You have some great answers already. I think there is no single answer to your question. What language(s) you choose to learn depends on what you intend to do.
When I was a graduate student I too learned some Matlab, Mathematica, Maple, SAS, Stata, because my university had licenses and because in my area of research that's what others used, so I could easily take existing programs and modify them to my needs. That was a while back. I have since dabbled in Python, Julia, and some statistics software like R and Stata. So what would I recommend?
It's a multidimensional decision to make. Here are some criteria based on my limited knowledge (I haven't tried Ruby, another popular choice):
- Open source: Forget Matlab and Mathematica. Go for R, Python, Julia, C++ and all that. I avoid proprietary software whenever possible.
- User base: This depends on what you do. Go for R, Python, Stata, C++, C#, Java, Mathematica. You can search stackoverflow for questions you'd need to answer and see which software gets the most support.
- Ease of learning: R, Julia, Maple are intuitive and easy to learn. Python isn't all that hard, but less easy. With C++ I didn't get very far because of the learning curve. I prefer R over Python for its IDE and because it serves my needs immediately. In Python, there are so many libraries and so many ways to do the same thing (like computing a quantile or producing a simple plot) that it quickly gets confusing.
- Ease of use: R and Stata have great IDEs. Python people will try to sell you their IDE, but in my experience none are as good as, say, RStudio. RStudio is the main reason I use R every day.

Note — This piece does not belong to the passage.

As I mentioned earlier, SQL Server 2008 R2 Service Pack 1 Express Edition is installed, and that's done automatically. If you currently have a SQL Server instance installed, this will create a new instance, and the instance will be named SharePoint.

When I teach statistics, my students prefer R, the admin people ask for SPSS, the old economists ask for Matlab and Stata, and the forward-looking younger guys go for Python. I learned Python in the early 2000s and I wasn't too impressed, the switch from 2 to 3 caused the 'great python stagnation' (don't know if that's a phrase), but Python 3 is now thriving. I use it more and more. Julia has an awesome community and that's the language I wish I was using more.